[Dataset content]
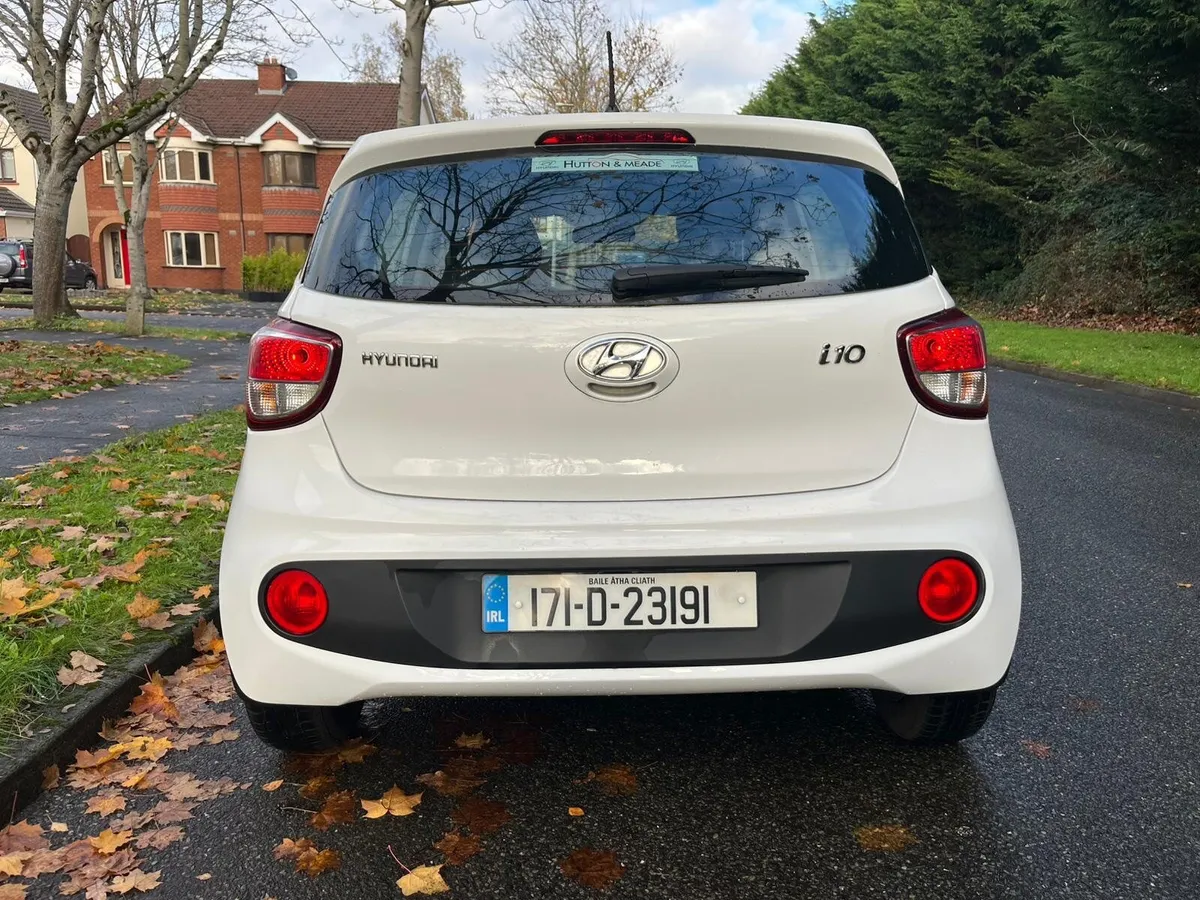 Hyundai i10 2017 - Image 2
...
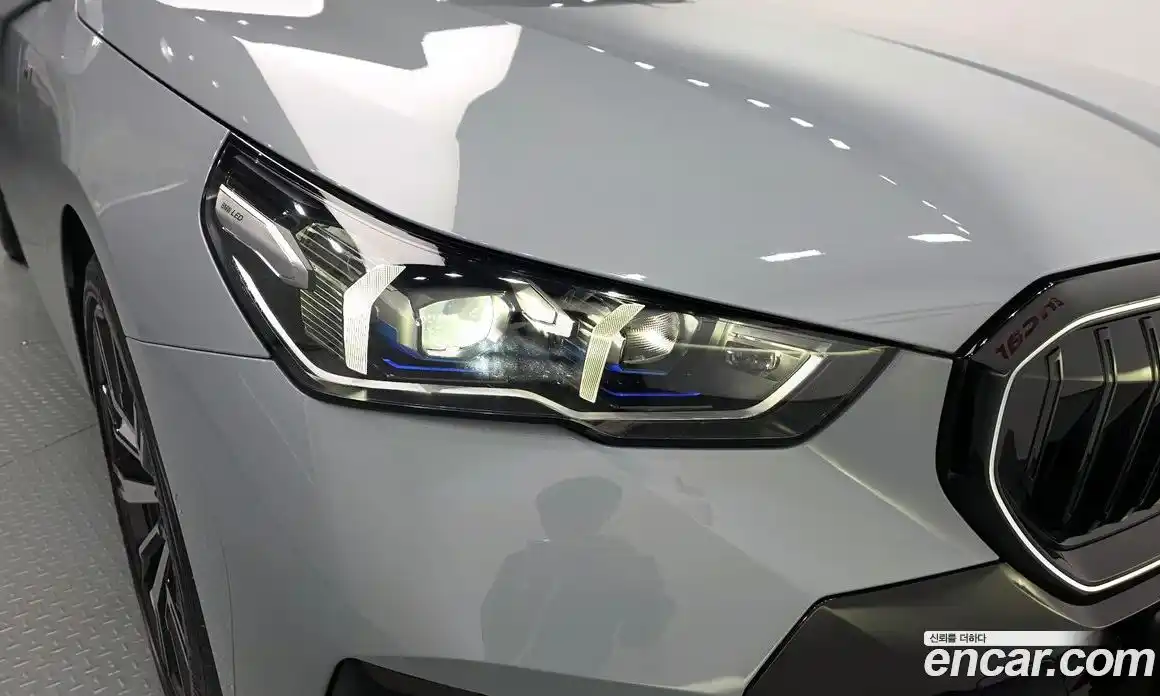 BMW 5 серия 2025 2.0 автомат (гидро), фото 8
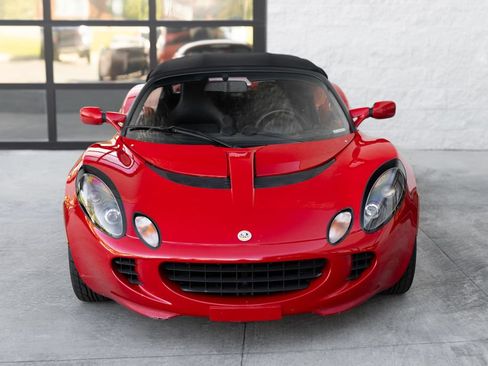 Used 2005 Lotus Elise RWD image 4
==
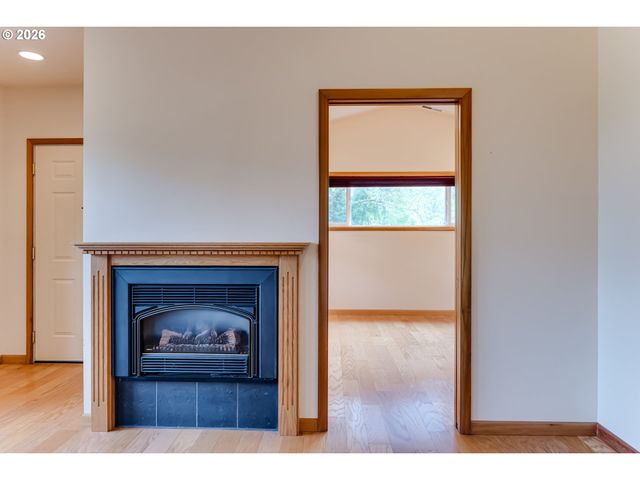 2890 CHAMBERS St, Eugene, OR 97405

[Work instructions] Only one stretch of the data is wanted: write out exactly the lines from the one holding "BMW 5 серия 2025 2.0 автомат (гидро), фото 8" through the one holding "Used 2005 Lotus Elise RWD image 4", both included, without the pictures.

[Output for this task]
 BMW 5 серия 2025 2.0 автомат (гидро), фото 8
 Used 2005 Lotus Elise RWD image 4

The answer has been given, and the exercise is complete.